Starting Hadoop and Verifying it is Working Properly

For YARN, a pseudo-distributed Hadoop installation consists of one node running all five Hadoop daemons: namenode, secondarynamenode, resourcemanager, datanode, and nodemanager.

To view the files on Red Hat or SLES systems:

$ rpm -ql hadoop-conf-pseudo

To view the files on Ubuntu systems:

$ dpkg -L hadoop-conf-pseudo

The new configuration is self-contained in the /etc/hadoop/conf.pseudo directory.

Note:

The Cloudera packages use the alternative framework for managing which Hadoop configuration is active. All Hadoop components search for the Hadoop configuration in /etc/hadoop/conf.

To start Hadoop, proceed as follows.

Step 1: Format the NameNode.

Before starting the NameNode for the first time you must format the file system.

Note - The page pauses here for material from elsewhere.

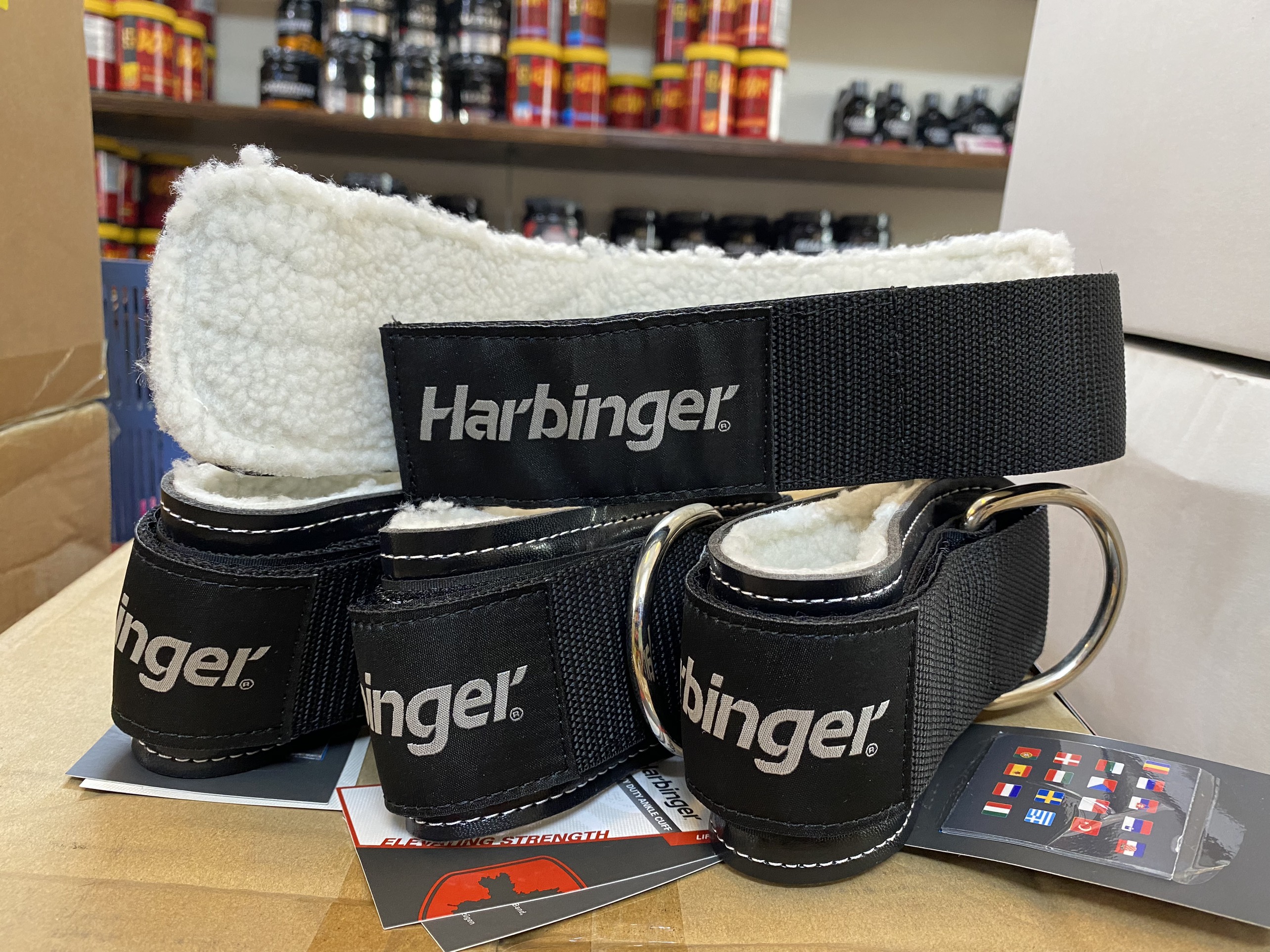 [HCM]Phụ kiện tập chân Harbinger Heavy Duty Ankle Cuff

$ sudo -u hdfs hdfs namenode -format

Note:

Make sure you perform the format of the NameNode as user hdfs. You can do this as part of the command string, using sudo -u hdfs as in the command above.

Important:

In earlier releases, the hadoop-conf-pseudo package automatically formatted HDFS on installation. In CDH 5, you must do this explicitly.

Step 2: Start HDFS

$ for x in `cd /etc/init.d ; ls hadoop-hdfs-*` ; do sudo service $x start ; done

To verify services have started, you can check the web console. The NameNode provides a web console http://localhost:50070/ for viewing your Distributed File System (DFS) capacity, number of DataNodes, and logs. In this pseudo-distributed configuration, you should see one live DataNode named localhost.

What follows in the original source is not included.